Victoria Secunda is an award-winning author, journalist, and lecturer whose previous books include When You and Your Mother Can't Be Friends, Women and Their Fathers, and When Madness Comes Home. Her work has appeared in Harper's Bazaar, Woman's Day, and Glamour. A frequent guest on network television and radio programs, she lives with her husband, photographer Shel Secunda, in Connecticut. Both her parents are deceased.

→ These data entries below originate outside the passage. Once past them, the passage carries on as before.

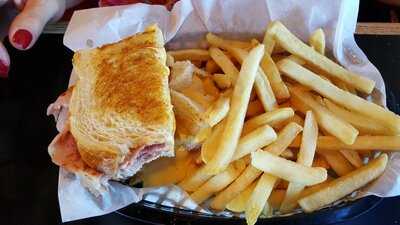 Archie's Giant Hamburgers, Reno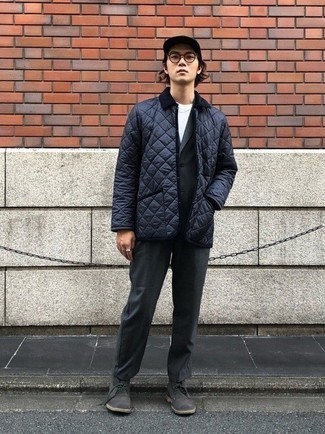 Как носить серый костюм с темно-серыми замшевыми ботинками дезертами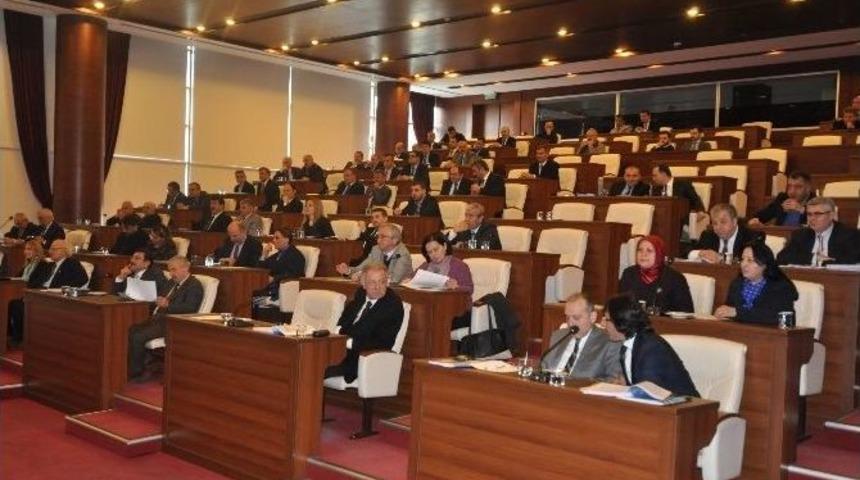 Ortahisar Belediyesi&rsquo;nin 2014 Yılı Faaliyet Raporu Oybirliğiyle Kabul Edildi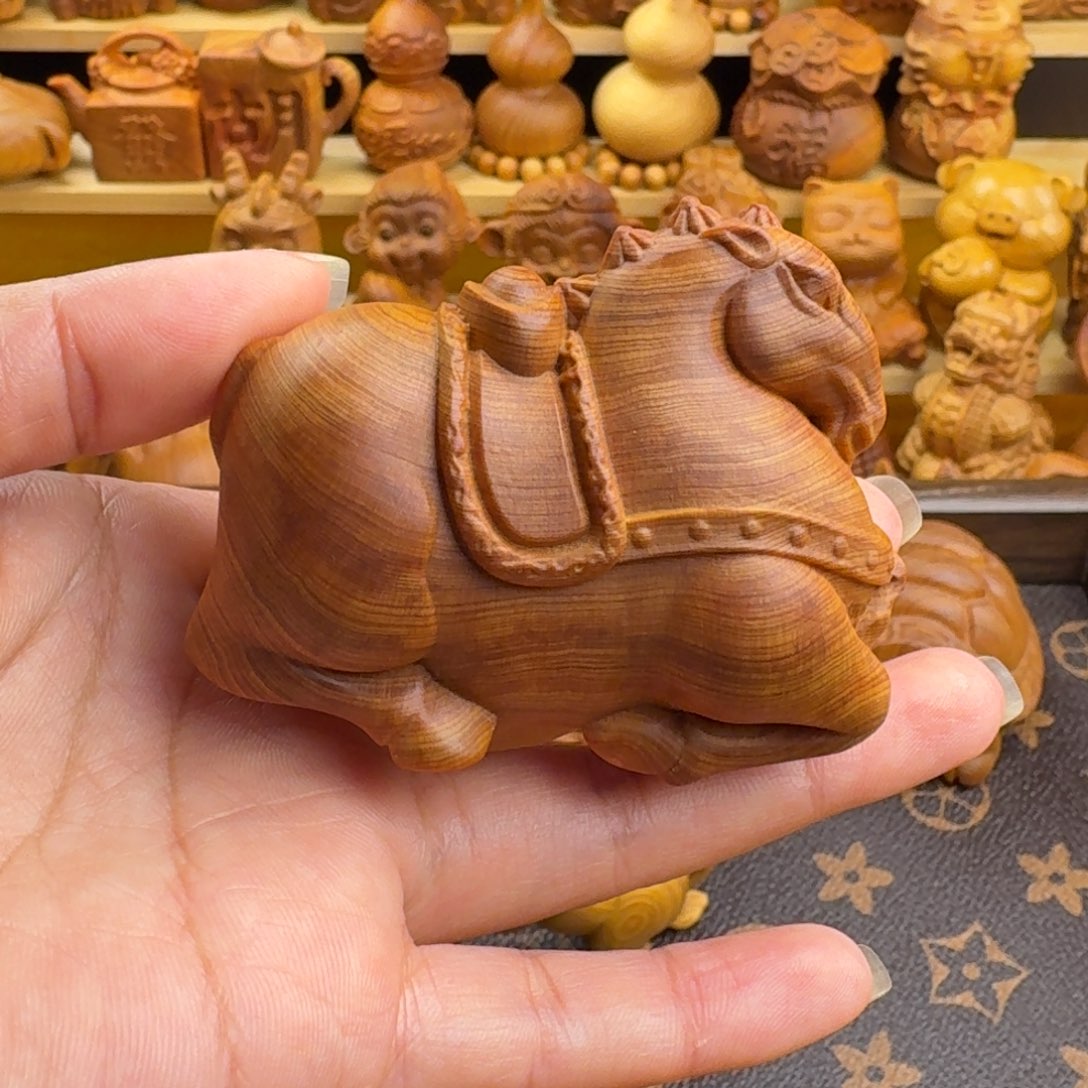 泥***人柏木（崖柏）崖柏马上有米，一物一拍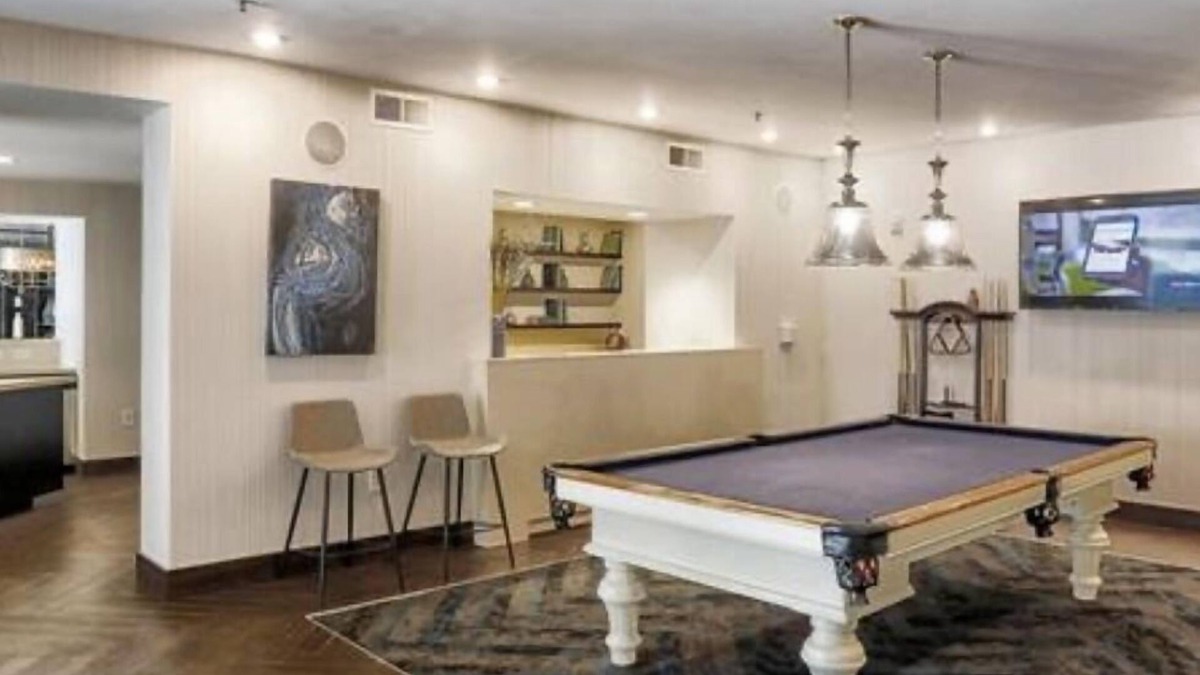 Atlanta House | An Elegant, but peaceful stay
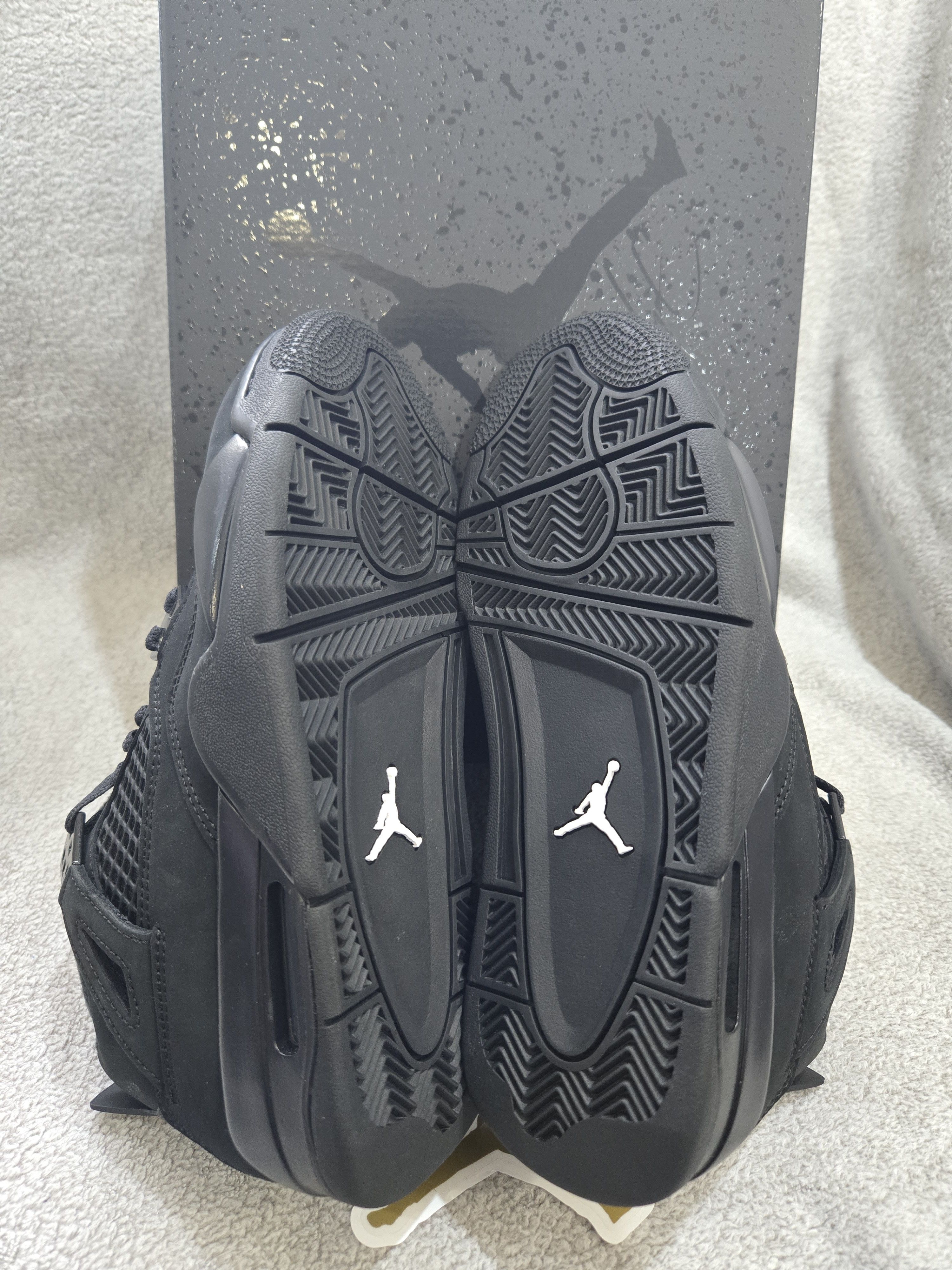 Jordan Brand Jordan 4 Retro Black Cat GS Size 5.5Y Size US 5.5 / EU 38 - 7 Thumbnail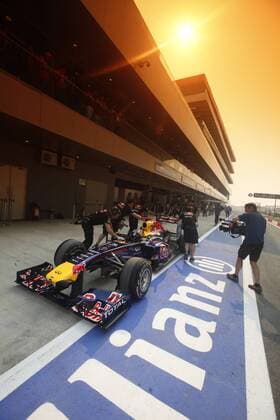 Motorsports: FIA Formula One World Championship 2011, Grand Prix of India, 01 Sebastian Vettel (GER, Red Bull Racing), xHOCHxZWEIx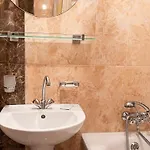 Hotel Lviv Ξενοδοχείο 3*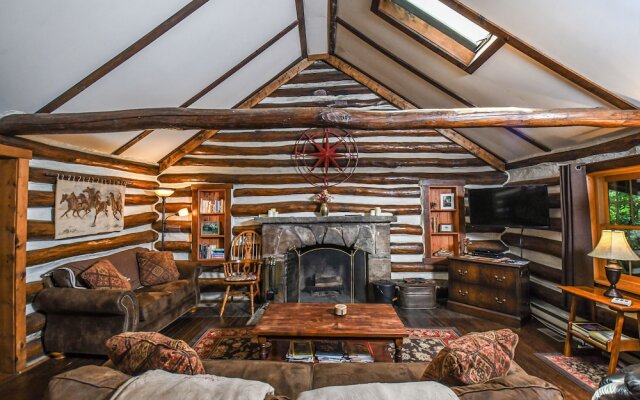 Tucked Inn 4 Bedroom House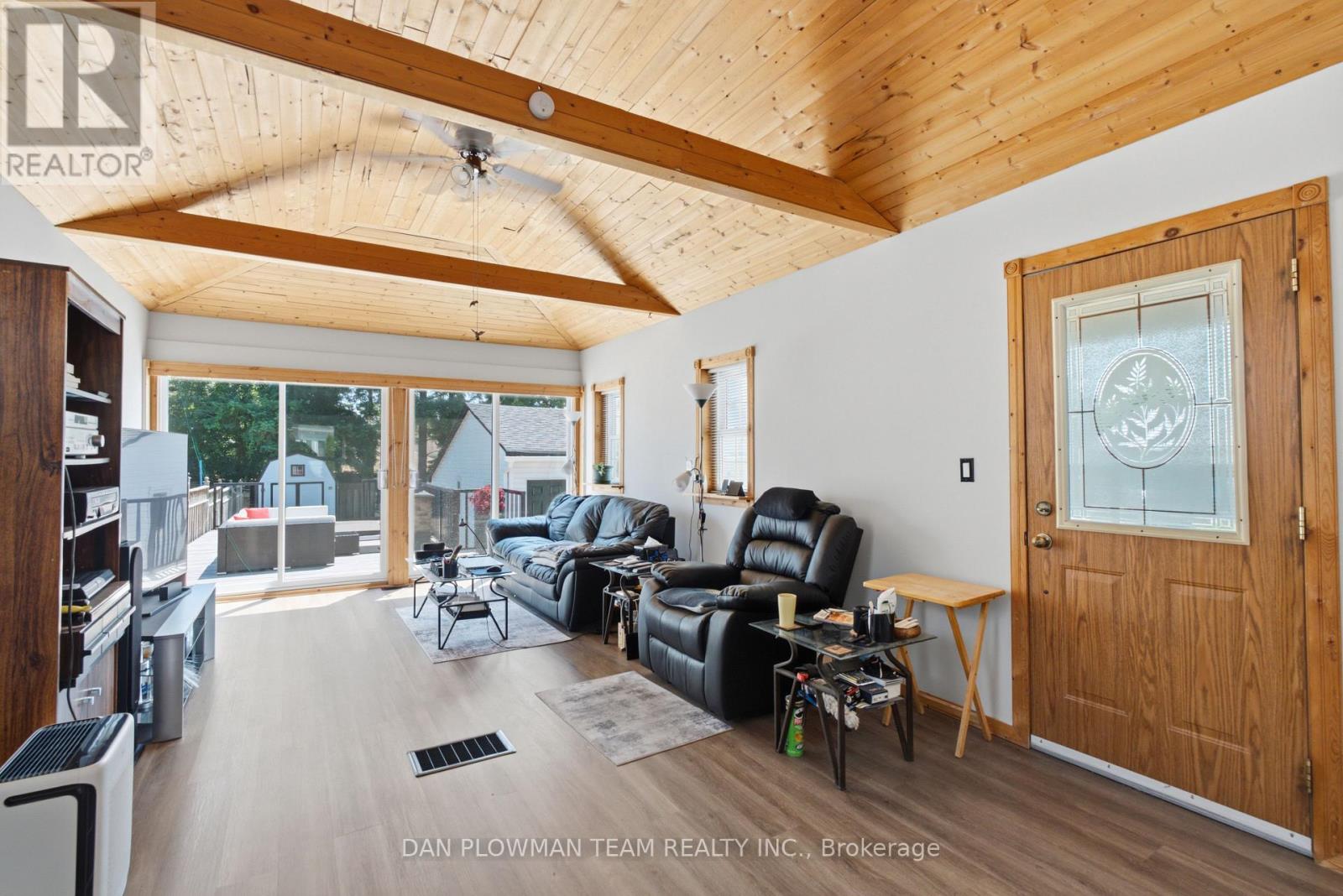 11 Veterans Avenue, Clarington, Ontario  L1C 2C1 - Photo 11 - E13645484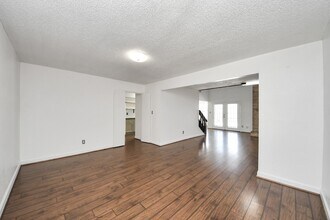 6230 Grandvale Dr in Houston, TX - Building Photo - Building Photo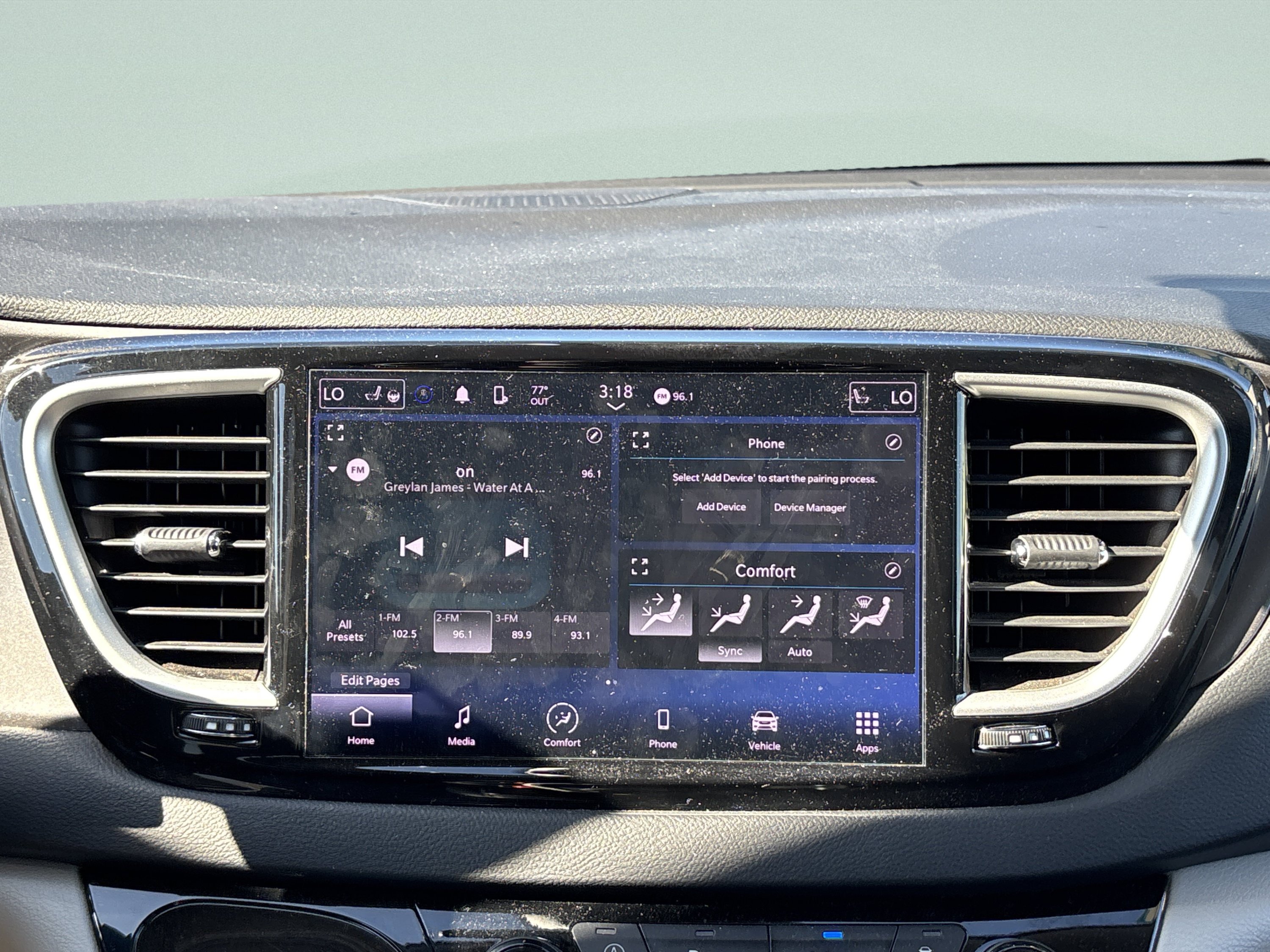Used 2024 Chrysler Pacifica Touring-L FWD image 25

As the baby-boom generation moves into middle age, their own aging parents are dying in record numbers. What does it mean to become an "adult orphan"? Strangely, this momentous event in adulthood has been given scant attention in the popular psychological literature except in terms of bereavement. Yet, argues author Secunda (When You and Your Mother Can't Be Friends), coping with parental death is not a question of grief but of identity: "In one respect, adult children who outlive their parents are all the same: they relinquish the single role they have played longer than any other--that of being a son or daughter to a living mother or father." Drawing on her survey of 94 people, Secunda explores how adult orphans gradually give up their old childish identity and discover their true adult selves in terms of their relationships with siblings, children, and friends. Although a bit repetitious--Alexander Levy's The Orphaned Adult (LJ 9/15/99) covered the same territory more concisely and more elegantly--Secunda's book will be in demand. [See interview with the author on p.180--Ed.]--Wilda Williams, "Library Journal" Copyright 2000 Cahners Business Information.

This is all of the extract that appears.